3) CHECK PAYMENT STATUS UNTIL IT IS PAID (BACK-END)

Goal: Confirm the final payment outcome after the customer authorizes the MB WAY request.

Important: Do not consider the payment successful based solely on the MB WAY purchase response. Always confirm the final payment outcome via the /status endpoint or Merchant Notification.

3.1 When to check status

You should:

• Listen to Merchant Notifications (recommended)
• Optionally poll the transaction status

3.2 Status endpoints you can use

curl -v -X GET "https://api.qly.sibspayments.com/sibs/spg/v2/payments/{transactionID}/status" \
--header "X-IBM-Client-Id: b824198a-321c-4f53-9bcb-832281d95735" \
--header "Authorization: ••••••" \
--header "Accept: application/json" \
--header "Content-Type: application/json"

Where:

• {transactionID} is the value obtained in the checkout request (Step 1).

3.3 Required headers (status call)

• Authorization: Bearer {AuthToken}
• X-IBM-Client-Id: {clientId}
• Content-Type: application/json
• Accept: application/json

3.4 What statuses to expect (high level)

The response includes paymentStatus with values such as:

• Success
• Pending
• InProcessing
• Declined
• Error
• Timeout

MB WAY is an asynchronous payment method. The transaction may remain in Pending until the authorization result is processed by SPG.

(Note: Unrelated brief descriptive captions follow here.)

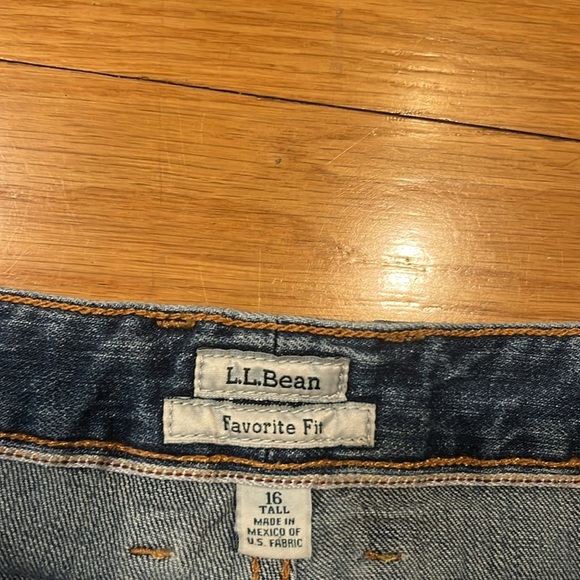 L.L.Bean women’s favorite fit jeans size 16 tall. - Picture 2 of 8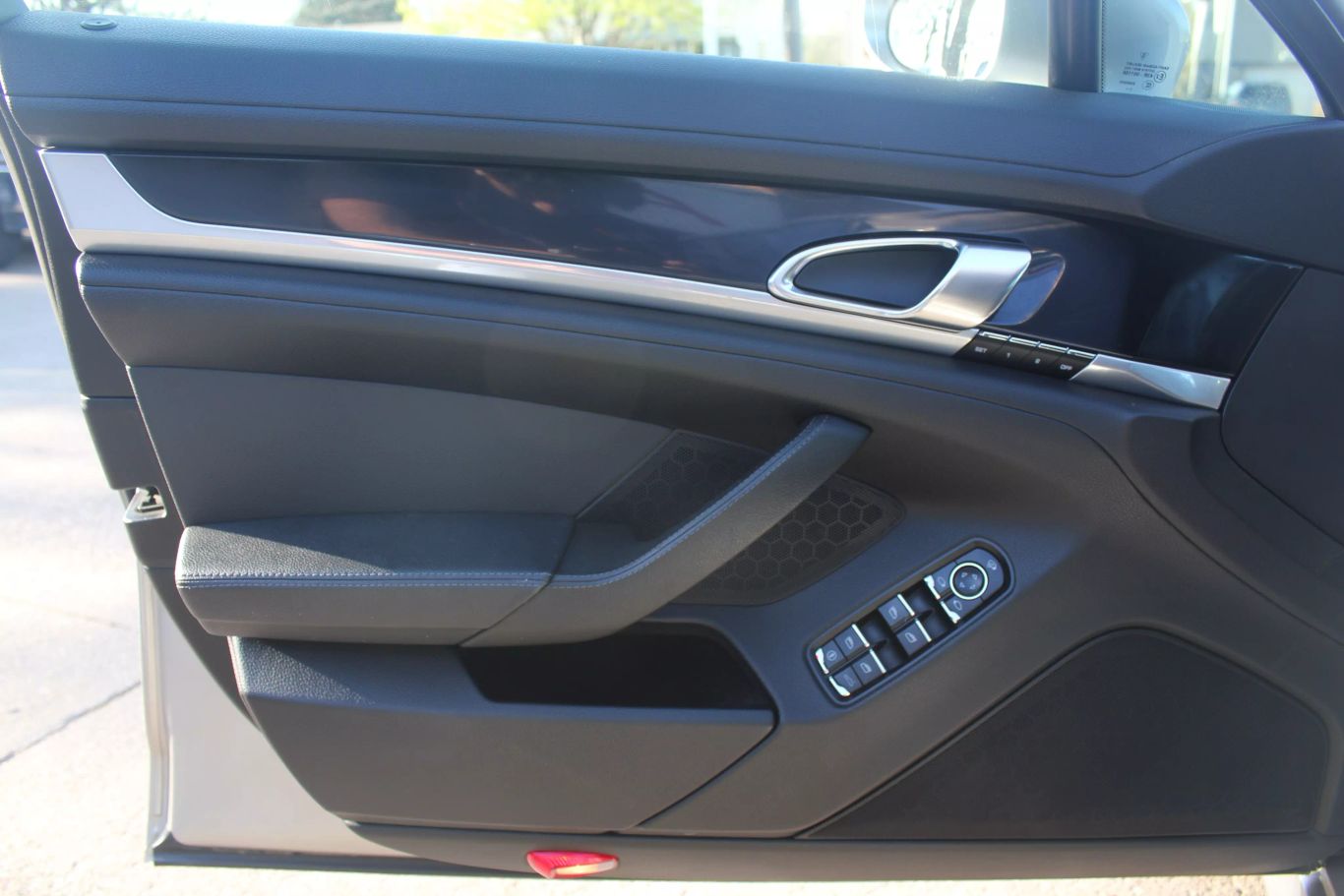 2012 Porsche Panamera 4 Sedan 4d - Image 21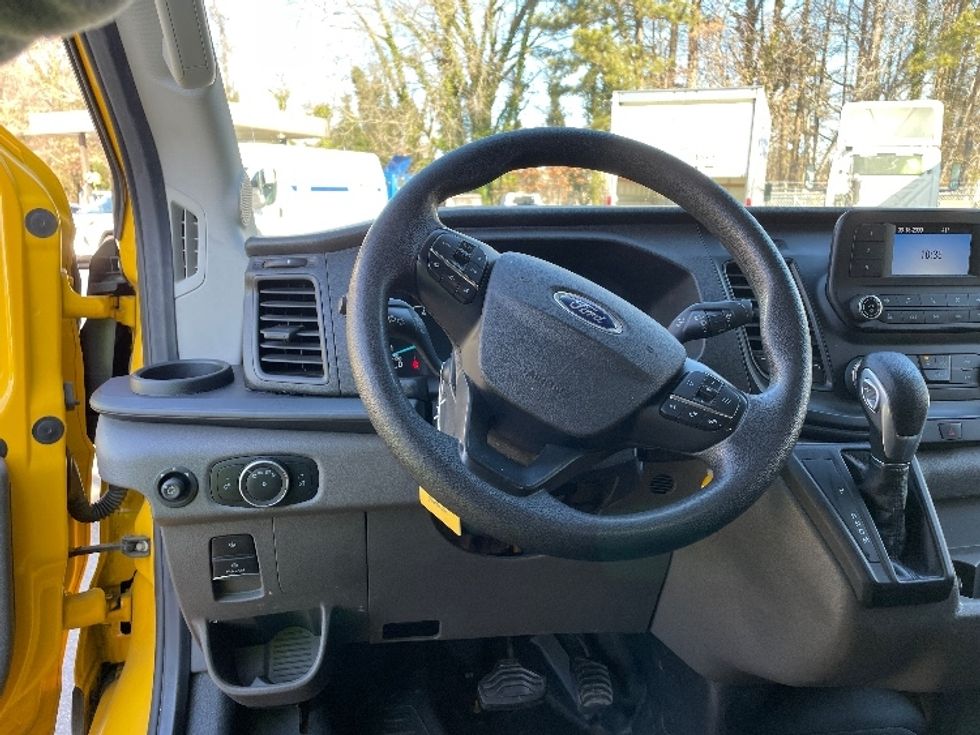 Cargo Van (Panel Van)-Light and Medium Duty Trucks-Ford-2021-Transit 250-Newport News-VA-89,268\n\t\tmiles-$ 32,250 - Image 17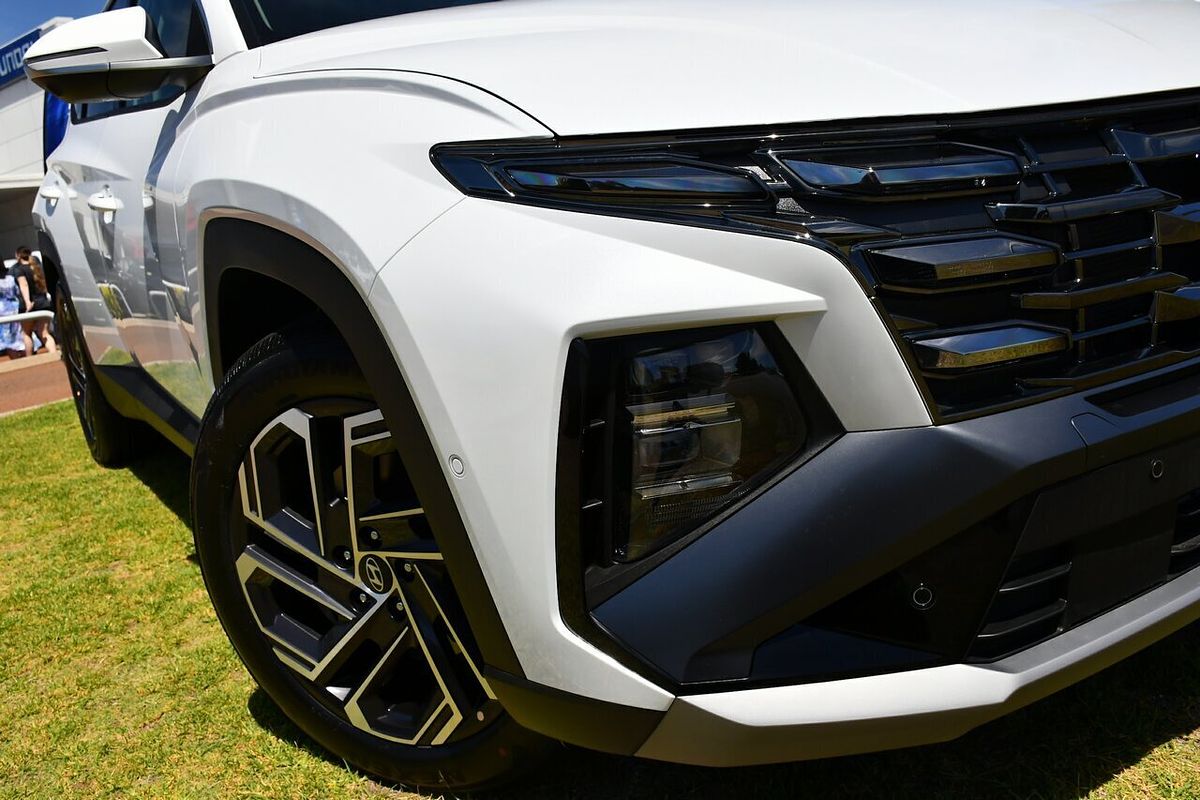 2026 Hyundai Tucson Hybrid Premium NX4.V4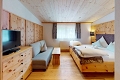 Hotel Alpenstolz, Mieders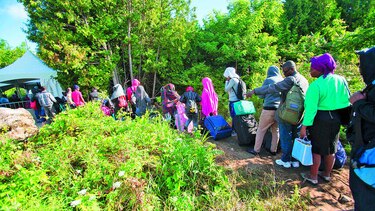 Aumenta en Canadá el flujo de migrantes procedentes de EU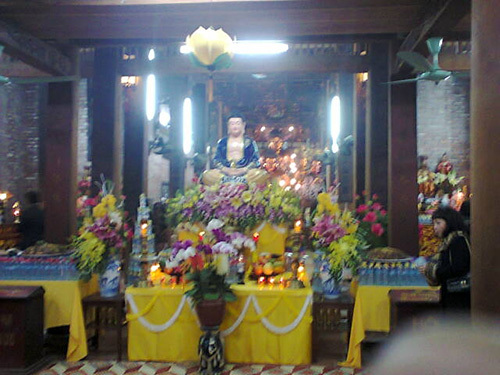 Đặt tượng Phật 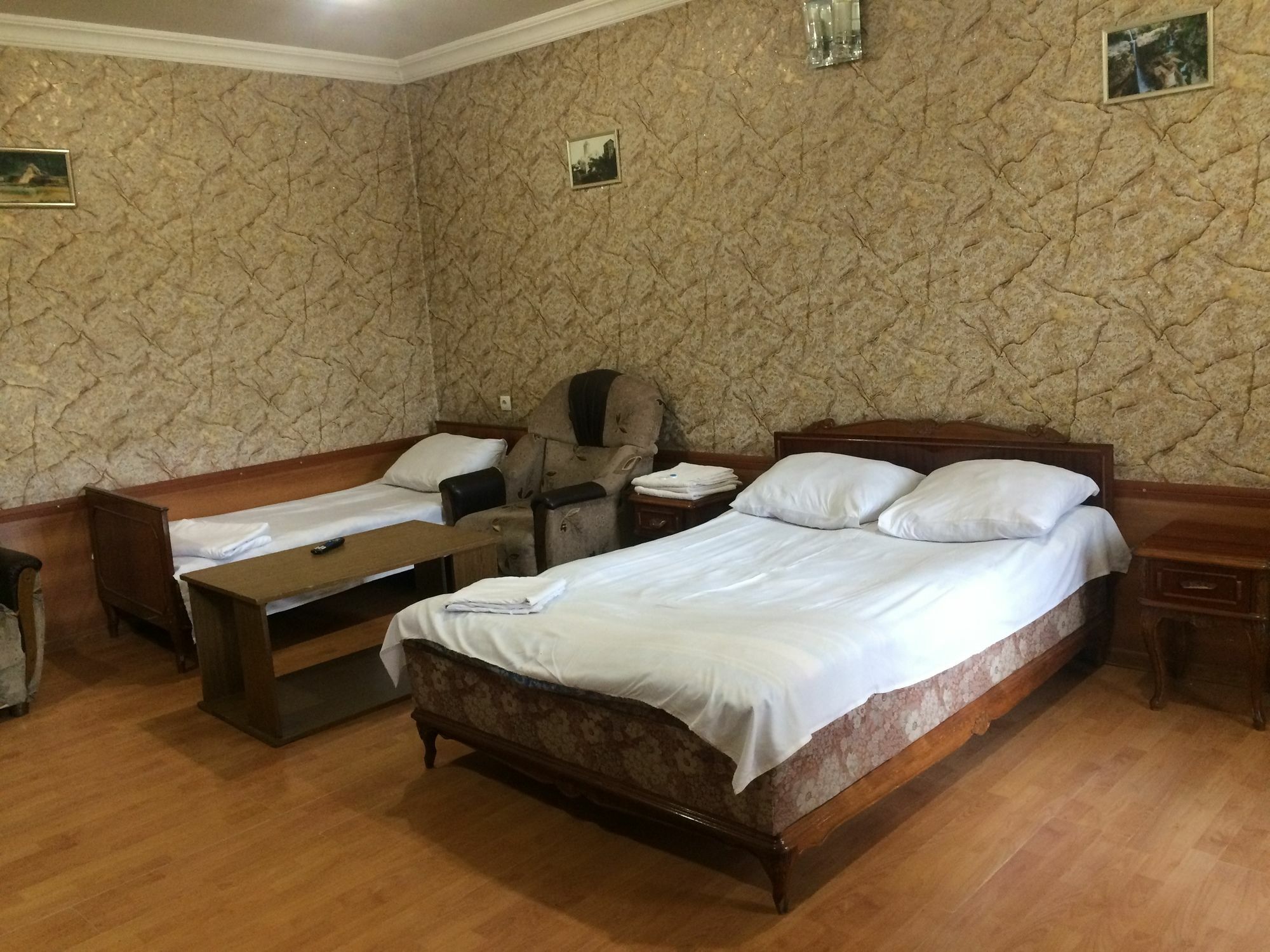 Hotel Texas Tbilisi Bagian luar foto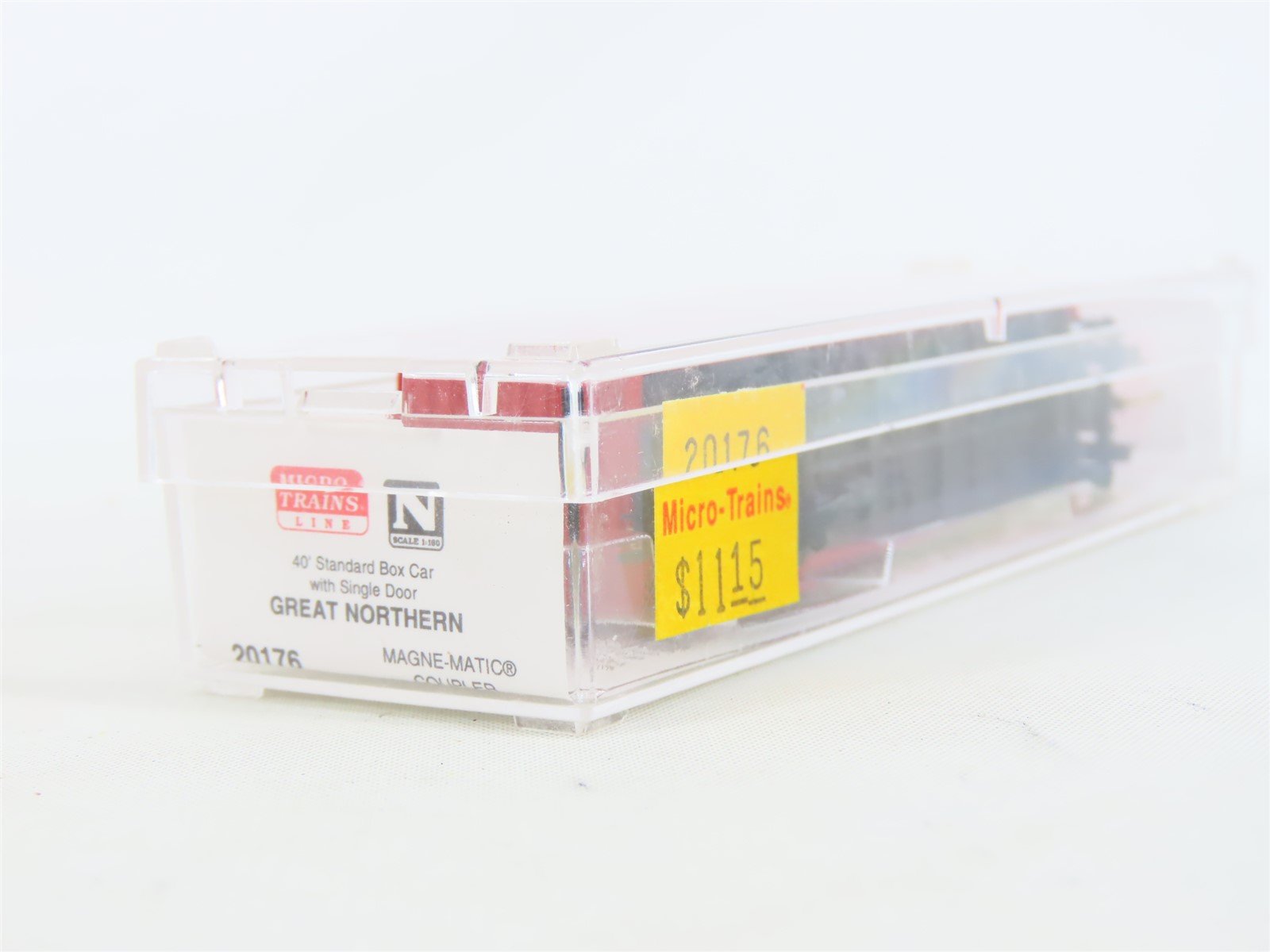 N Scale Micro-Trains MTL 20176 GN Great Northern Circus Train 40' Box Car #18588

3.5 Polling strategy (minimal, practical skeleton)

• Poll GET /api/v2/payments/{transactionID}/status every 3-5 seconds (recommended)
• Stop when paymentStatus is one of: Success, Declined, Error, Timeout
• If still Pending / InProcessing, continue polling (with a 60–120 second max time cap, after the maximum allowed confirmation window for MB WAY)

Even if polling is implemented, SIBS SPG supports Merchant Notification (webhooks) for asynchronous payments. This is the recommended approach for MB WAY.